Improving WebGL Performance on Mobile

Updated June 2026

Improving WebGL performance on mobile requires addressing the specific constraints of tile-based GPUs, limited memory bandwidth, and the browser's translation layer overhead. This guide walks through the highest-impact optimizations in order, from resolution scaling and shader precision through draw call batching, texture compression, and render target management.

Mobile WebGL performance is not just a scaled-down version of desktop performance. The hardware architecture is fundamentally different, and the browser adds overhead that native apps do not face. The following steps target the most impactful areas first, so even implementing the first two or three will produce measurable improvements on most mobile devices.

Scale Down Rendering Resolution

This is the single highest-impact optimization for any GPU-bound WebGL game on mobile. Modern phone screens have pixel densities of 400-500 PPI, which means the device's native resolution can be 1080p, 1440p, or even higher. Rendering at full native resolution means the fragment shader runs for every one of those millions of pixels, and every framebuffer read and write consumes bandwidth from the limited system RAM bus.

Reduce your WebGL canvas resolution to 60-75% of native by multiplying devicePixelRatio by 0.5-0.7 when setting the canvas width and height. On a phone with a devicePixelRatio of 3.0, rendering at an effective ratio of 1.5-2.0 cuts the fragment count by 55-75% while remaining visually sharp on a 6-inch screen. The browser upscales the canvas to fill the CSS dimensions automatically.

Expose this as a quality setting if possible. Let the player choose between "high" (70% of native), "medium" (50%), and "low" (35%) so they can balance visual quality against smooth performance on their specific device. Adaptive resolution, which dynamically adjusts the render scale based on recent frame times, is even better but requires careful implementation to avoid visual popping.

Use mediump Precision in Fragment Shaders

GLSL ES shaders support three precision qualifiers: highp (32-bit float), mediump (16-bit float), and lowp (10-bit float). On many mobile GPUs, the hardware has dedicated 16-bit floating-point ALUs that run at twice the throughput of the 32-bit units. Qualifying calculations as mediump where full 32-bit precision is unnecessary lets the GPU use these faster units.

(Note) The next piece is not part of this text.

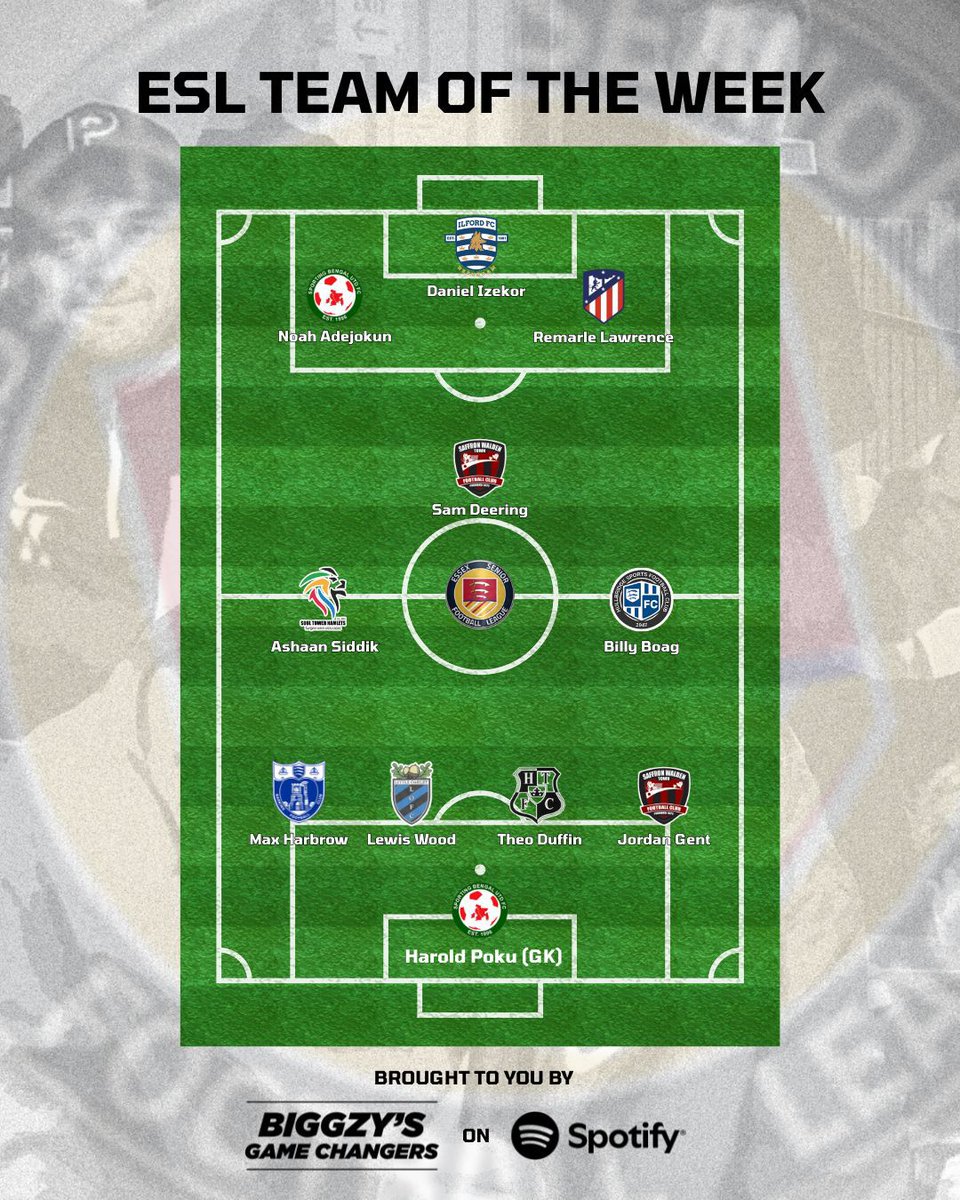𝗘𝗦𝗦𝗘𝗫 𝗦𝗘𝗡𝗜𝗢𝗥 𝗟𝗘𝗔𝗚𝗨𝗘 𝗧𝗘𝗔𝗠 𝗢𝗙 𝗧𝗛𝗘 𝗪𝗘𝗘𝗞 📝

We are excited to announce our all new ESL Team Of The Week brought to you by Biggzy’s Game Changers on Spotify ! 🎧

Here is your TOTW for this weeks League &amp; Cup action ⤵️🤔

#ESL // #BGC <a href="/HB1109Biggz/">Harry Biggs</a>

Set precision mediump float; as the default at the top of your fragment shaders, then selectively use highp only for calculations that need it, such as world-space position reconstruction from depth, shadow map comparisons, or accumulated values that would lose accuracy at 16 bits. Color calculations, lighting normals, UV coordinate math, and most texture sampling are perfectly fine at mediump.

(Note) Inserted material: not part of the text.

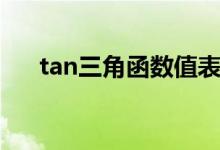 tan三角函数值表（tan三角函数公式）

On Qualcomm Adreno GPUs in particular, the difference between mediump and highp in the fragment shader can be a 30-50% improvement in fragment throughput. ARM Mali GPUs show similar gains. Apple's GPU treats mediump and highp identically in the fragment shader (it always runs at 32-bit), but specifying mediump costs nothing and benefits the Android devices in your audience.

Batch Draw Calls with Texture Atlases

Each WebGL draw call passes through the browser's validation layer, the ANGLE translation layer, and the native driver before reaching the GPU. On mobile, this overhead limits practical draw call counts to 200-500 per frame before the CPU becomes the bottleneck. The solution is batching: combining multiple objects that share the same shader program and texture into a single draw call.

For 2D games, pack all sprite images into one or more texture atlases (large images containing many smaller images arranged in a grid). Instead of binding a different texture for each sprite and issuing a separate draw call, put all sprite vertices into a single dynamic vertex buffer with UV coordinates pointing to each sprite's region in the atlas, then draw everything in one call. A game with 300 on-screen sprites can go from 300 draw calls to 1-4 draw calls with this technique.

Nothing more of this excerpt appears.